» **PROBLEM TO WORK ON**: Return every entry below exactly as written.

» **SUPPLIED INFORMATION**:

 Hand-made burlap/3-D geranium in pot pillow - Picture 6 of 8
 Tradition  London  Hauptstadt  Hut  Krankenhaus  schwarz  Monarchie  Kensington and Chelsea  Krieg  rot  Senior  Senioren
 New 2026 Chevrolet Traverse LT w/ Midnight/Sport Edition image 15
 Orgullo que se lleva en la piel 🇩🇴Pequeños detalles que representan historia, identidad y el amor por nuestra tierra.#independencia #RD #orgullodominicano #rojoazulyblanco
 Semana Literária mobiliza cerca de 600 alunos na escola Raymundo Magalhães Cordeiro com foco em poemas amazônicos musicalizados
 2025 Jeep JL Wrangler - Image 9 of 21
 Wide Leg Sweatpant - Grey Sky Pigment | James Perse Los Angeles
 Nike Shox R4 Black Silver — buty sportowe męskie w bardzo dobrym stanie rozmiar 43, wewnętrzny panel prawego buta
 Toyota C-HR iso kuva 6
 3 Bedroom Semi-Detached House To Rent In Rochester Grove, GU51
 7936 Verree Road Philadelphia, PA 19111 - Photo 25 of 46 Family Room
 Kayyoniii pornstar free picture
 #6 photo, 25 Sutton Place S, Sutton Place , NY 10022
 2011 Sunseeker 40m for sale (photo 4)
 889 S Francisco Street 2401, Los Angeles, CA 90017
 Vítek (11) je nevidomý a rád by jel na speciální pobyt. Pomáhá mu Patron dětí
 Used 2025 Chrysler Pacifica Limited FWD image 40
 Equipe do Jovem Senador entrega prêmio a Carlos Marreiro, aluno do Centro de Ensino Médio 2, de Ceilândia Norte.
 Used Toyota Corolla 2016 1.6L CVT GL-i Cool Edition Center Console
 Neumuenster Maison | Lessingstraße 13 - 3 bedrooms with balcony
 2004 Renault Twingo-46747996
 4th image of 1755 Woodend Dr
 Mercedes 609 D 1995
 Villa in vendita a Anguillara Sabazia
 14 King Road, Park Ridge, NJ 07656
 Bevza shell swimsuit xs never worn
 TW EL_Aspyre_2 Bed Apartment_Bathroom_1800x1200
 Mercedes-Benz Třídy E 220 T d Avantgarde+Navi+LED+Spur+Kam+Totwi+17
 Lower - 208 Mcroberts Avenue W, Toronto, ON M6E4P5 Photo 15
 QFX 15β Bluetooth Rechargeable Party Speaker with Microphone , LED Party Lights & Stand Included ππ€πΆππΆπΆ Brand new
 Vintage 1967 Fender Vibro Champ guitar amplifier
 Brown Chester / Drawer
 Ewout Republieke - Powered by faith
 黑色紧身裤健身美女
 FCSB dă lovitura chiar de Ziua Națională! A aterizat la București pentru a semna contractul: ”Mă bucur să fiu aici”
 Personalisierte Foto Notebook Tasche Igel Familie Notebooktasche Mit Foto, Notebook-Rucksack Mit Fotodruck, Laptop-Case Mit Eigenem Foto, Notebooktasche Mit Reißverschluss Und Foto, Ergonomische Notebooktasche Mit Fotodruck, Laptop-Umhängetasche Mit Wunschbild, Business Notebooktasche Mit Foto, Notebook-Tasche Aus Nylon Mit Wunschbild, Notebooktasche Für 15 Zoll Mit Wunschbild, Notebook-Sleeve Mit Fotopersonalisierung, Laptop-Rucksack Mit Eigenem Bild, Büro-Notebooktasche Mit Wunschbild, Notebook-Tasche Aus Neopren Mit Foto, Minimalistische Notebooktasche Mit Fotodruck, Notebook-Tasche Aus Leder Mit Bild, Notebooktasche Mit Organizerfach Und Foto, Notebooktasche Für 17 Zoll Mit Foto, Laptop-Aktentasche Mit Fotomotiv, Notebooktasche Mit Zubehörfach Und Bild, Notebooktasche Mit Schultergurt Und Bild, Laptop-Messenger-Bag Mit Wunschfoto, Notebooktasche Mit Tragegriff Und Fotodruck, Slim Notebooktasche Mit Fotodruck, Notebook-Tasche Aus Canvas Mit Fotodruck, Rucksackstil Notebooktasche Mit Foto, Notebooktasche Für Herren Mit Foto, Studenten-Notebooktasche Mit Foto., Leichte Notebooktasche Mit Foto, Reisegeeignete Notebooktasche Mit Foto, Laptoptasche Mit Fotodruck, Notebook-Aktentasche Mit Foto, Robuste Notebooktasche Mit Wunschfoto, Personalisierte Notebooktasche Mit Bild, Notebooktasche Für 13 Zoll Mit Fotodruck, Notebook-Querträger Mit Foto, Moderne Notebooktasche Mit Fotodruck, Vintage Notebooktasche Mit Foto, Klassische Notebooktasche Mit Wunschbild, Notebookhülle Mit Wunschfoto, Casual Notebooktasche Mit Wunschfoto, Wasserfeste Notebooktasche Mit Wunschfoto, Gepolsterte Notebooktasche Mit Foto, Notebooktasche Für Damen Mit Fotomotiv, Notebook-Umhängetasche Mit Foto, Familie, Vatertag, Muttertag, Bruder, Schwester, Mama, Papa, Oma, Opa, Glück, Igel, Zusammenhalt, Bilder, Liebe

» **SOLUTION FOR THIS EXERCISE**:
 Hand-made burlap/3-D geranium in pot pillow - Picture 6 of 8
 Tradition  London  Hauptstadt  Hut  Krankenhaus  schwarz  Monarchie  Kensington and Chelsea  Krieg  rot  Senior  Senioren
 New 2026 Chevrolet Traverse LT w/ Midnight/Sport Edition image 15
 Orgullo que se lleva en la piel 🇩🇴Pequeños detalles que representan historia, identidad y el amor por nuestra tierra.#independencia #RD #orgullodominicano #rojoazulyblanco
 Semana Literária mobiliza cerca de 600 alunos na escola Raymundo Magalhães Cordeiro com foco em poemas amazônicos musicalizados
 2025 Jeep JL Wrangler - Image 9 of 21
 Wide Leg Sweatpant - Grey Sky Pigment | James Perse Los Angeles
 Nike Shox R4 Black Silver — buty sportowe męskie w bardzo dobrym stanie rozmiar 43, wewnętrzny panel prawego buta
 Toyota C-HR iso kuva 6
 3 Bedroom Semi-Detached House To Rent In Rochester Grove, GU51
 7936 Verree Road Philadelphia, PA 19111 - Photo 25 of 46 Family Room
 Kayyoniii pornstar free picture
 #6 photo, 25 Sutton Place S, Sutton Place , NY 10022
 2011 Sunseeker 40m for sale (photo 4)
 889 S Francisco Street 2401, Los Angeles, CA 90017
 Vítek (11) je nevidomý a rád by jel na speciální pobyt. Pomáhá mu Patron dětí
 Used 2025 Chrysler Pacifica Limited FWD image 40
 Equipe do Jovem Senador entrega prêmio a Carlos Marreiro, aluno do Centro de Ensino Médio 2, de Ceilândia Norte.
 Used Toyota Corolla 2016 1.6L CVT GL-i Cool Edition Center Console
 Neumuenster Maison | Lessingstraße 13 - 3 bedrooms with balcony
 2004 Renault Twingo-46747996
 4th image of 1755 Woodend Dr
 Mercedes 609 D 1995
 Villa in vendita a Anguillara Sabazia
 14 King Road, Park Ridge, NJ 07656
 Bevza shell swimsuit xs never worn
 TW EL_Aspyre_2 Bed Apartment_Bathroom_1800x1200
 Mercedes-Benz Třídy E 220 T d Avantgarde+Navi+LED+Spur+Kam+Totwi+17
 Lower - 208 Mcroberts Avenue W, Toronto, ON M6E4P5 Photo 15
 QFX 15β Bluetooth Rechargeable Party Speaker with Microphone , LED Party Lights & Stand Included ππ€πΆππΆπΆ Brand new
 Vintage 1967 Fender Vibro Champ guitar amplifier
 Brown Chester / Drawer
 Ewout Republieke - Powered by faith
 黑色紧身裤健身美女
 FCSB dă lovitura chiar de Ziua Națională! A aterizat la București pentru a semna contractul: ”Mă bucur să fiu aici”
 Personalisierte Foto Notebook Tasche Igel Familie Notebooktasche Mit Foto, Notebook-Rucksack Mit Fotodruck, Laptop-Case Mit Eigenem Foto, Notebooktasche Mit Reißverschluss Und Foto, Ergonomische Notebooktasche Mit Fotodruck, Laptop-Umhängetasche Mit Wunschbild, Business Notebooktasche Mit Foto, Notebook-Tasche Aus Nylon Mit Wunschbild, Notebooktasche Für 15 Zoll Mit Wunschbild, Notebook-Sleeve Mit Fotopersonalisierung, Laptop-Rucksack Mit Eigenem Bild, Büro-Notebooktasche Mit Wunschbild, Notebook-Tasche Aus Neopren Mit Foto, Minimalistische Notebooktasche Mit Fotodruck, Notebook-Tasche Aus Leder Mit Bild, Notebooktasche Mit Organizerfach Und Foto, Notebooktasche Für 17 Zoll Mit Foto, Laptop-Aktentasche Mit Fotomotiv, Notebooktasche Mit Zubehörfach Und Bild, Notebooktasche Mit Schultergurt Und Bild, Laptop-Messenger-Bag Mit Wunschfoto, Notebooktasche Mit Tragegriff Und Fotodruck, Slim Notebooktasche Mit Fotodruck, Notebook-Tasche Aus Canvas Mit Fotodruck, Rucksackstil Notebooktasche Mit Foto, Notebooktasche Für Herren Mit Foto, Studenten-Notebooktasche Mit Foto., Leichte Notebooktasche Mit Foto, Reisegeeignete Notebooktasche Mit Foto, Laptoptasche Mit Fotodruck, Notebook-Aktentasche Mit Foto, Robuste Notebooktasche Mit Wunschfoto, Personalisierte Notebooktasche Mit Bild, Notebooktasche Für 13 Zoll Mit Fotodruck, Notebook-Querträger Mit Foto, Moderne Notebooktasche Mit Fotodruck, Vintage Notebooktasche Mit Foto, Klassische Notebooktasche Mit Wunschbild, Notebookhülle Mit Wunschfoto, Casual Notebooktasche Mit Wunschfoto, Wasserfeste Notebooktasche Mit Wunschfoto, Gepolsterte Notebooktasche Mit Foto, Notebooktasche Für Damen Mit Fotomotiv, Notebook-Umhängetasche Mit Foto, Familie, Vatertag, Muttertag, Bruder, Schwester, Mama, Papa, Oma, Opa, Glück, Igel, Zusammenhalt, Bilder, Liebe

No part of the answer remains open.